Los Intereses Nacionales
Definen los propósitos generales de la política exterior del País. Entre los que han perdurado a lo largo del tiempo, se incluye la defensa de la patria, el bienestar económico, el orden mundial favorable y la promoción de los valores. Todos estos compiten por recursos y, en numerosas disputas de política, se observa que las distintas partes priorizan tales intereses de manera diferente. Entre otras controversias se encuentran las diferencias de opinión con respecto a cómo garantizar, de la mejor manera posible, los intereses nacionales en una crisis o región geográfica dada.

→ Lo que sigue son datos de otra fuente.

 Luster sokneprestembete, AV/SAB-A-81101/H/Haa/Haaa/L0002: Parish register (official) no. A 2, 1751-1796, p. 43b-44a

En términos sencillos, los intereses de la nación deberían --y son-- un factor crítico a ser tomado en cuenta por el Presidente en el proceso de toma de decisiones.

Factores de Situación
Los decisores también pueden verse afectados por circunstancias especiales que no se incluyen en ninguna de las tres secciones del modelo de Input-Output. Por ejemplo, el tiempo que tenga el Presidente para tomar una decisión puede influir, de manera significativa, en el proceso de decisiones. En una crisis, el Presidente podría no tener tiempo suficiente para interactuar con sus asesores, y los organismos podrían no tener suficiente tiempo para recolectar e interpretar datos sobre los diversos cursos de acción.

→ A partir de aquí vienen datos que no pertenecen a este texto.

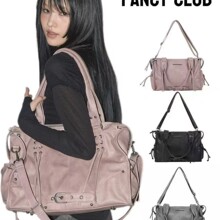 韩国新款FANCY CLUB托特包大容量雪允同款机车女包单肩手提斜挎包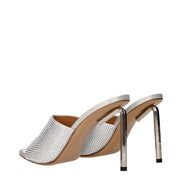 Sandale stiletto Off-White din satin gri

La incertidumbre de la información es otro de estos factores de situación. El proceso de toma de decisiones obviamente se ve afectado cuando el decisor sabe que no cuenta con toda la información pertinente. A menudo, tal incertidumbre es deliberada, en el sentido de que surge del secreto con el que otro país desarrolla sus planes y capacidades. En otros casos, la incertidumbre es causada por la falta de datos, la complejidad de los temas o la comprensión incompleta de la política interna o la cultura del otro país. El punto es que cuando los decisores no están seguros sobre las intenciones o capacidades de un adversario o sobre los costos y eficacia de políticas alternativas, el proceso de toma de decisiones seguramente se ve afectado.

Estructuras Formales y Procesos Informales
Todo sistema de organización consiste en una estructura formal y en procesos informales. La estructura formal describe las formas en que se dividen y coordinan formalmente las actividades de una organización. Los signos típicos de la estructura formal son las descripciones de puesto y los organigramas escritos --por ejemplo, la Carta del Consejo de Seguridad Nacional y sus comités inter-agencias subordinados. A menudo, estos elementos formales brindan un panorama incompleto sobre las redes de comunicación y las relaciones que afectan el proceso de toma de decisiones. En numerosos casos, los procesos informales son de mayor importancia. Por ejemplo, algunas decisiones presidenciales podrían tomarse durante reuniones informales con asesores selectos (¨gabinete de cocina") o en conversaciones de pasillo en lugar de provenir de reuniones oficiales del Consejo de Seguridad Nacional.

Actores
Cualquiera que sea el decisor en un caso en particular, él o ella será asesorado/a y recibirá información de las organizaciones e individuos que dependen de dicho decisor, y lo asesoran. Para el Presidente, esto significa departamentos y organismos del Ejecutivo, al igual que funcionarios políticos, asistentes ejecutivos, empleados de la administración pública, oficiales de las fuerzas armadas y consultores cuyas visiones son tomadas en cuenta durante las deliberaciones sobre política.

Perspectivas
El modelo de Input-Output muestra cuatro formas diferentes de considerar las interacciones en el sistema de seguridad nacional. Esas cuatro perspectivas (actor racional, comportamiento de la organización, políticas de gobierno y perspectiva cognitiva) se encuentran en el extremo superior del sistema de seguridad nacional.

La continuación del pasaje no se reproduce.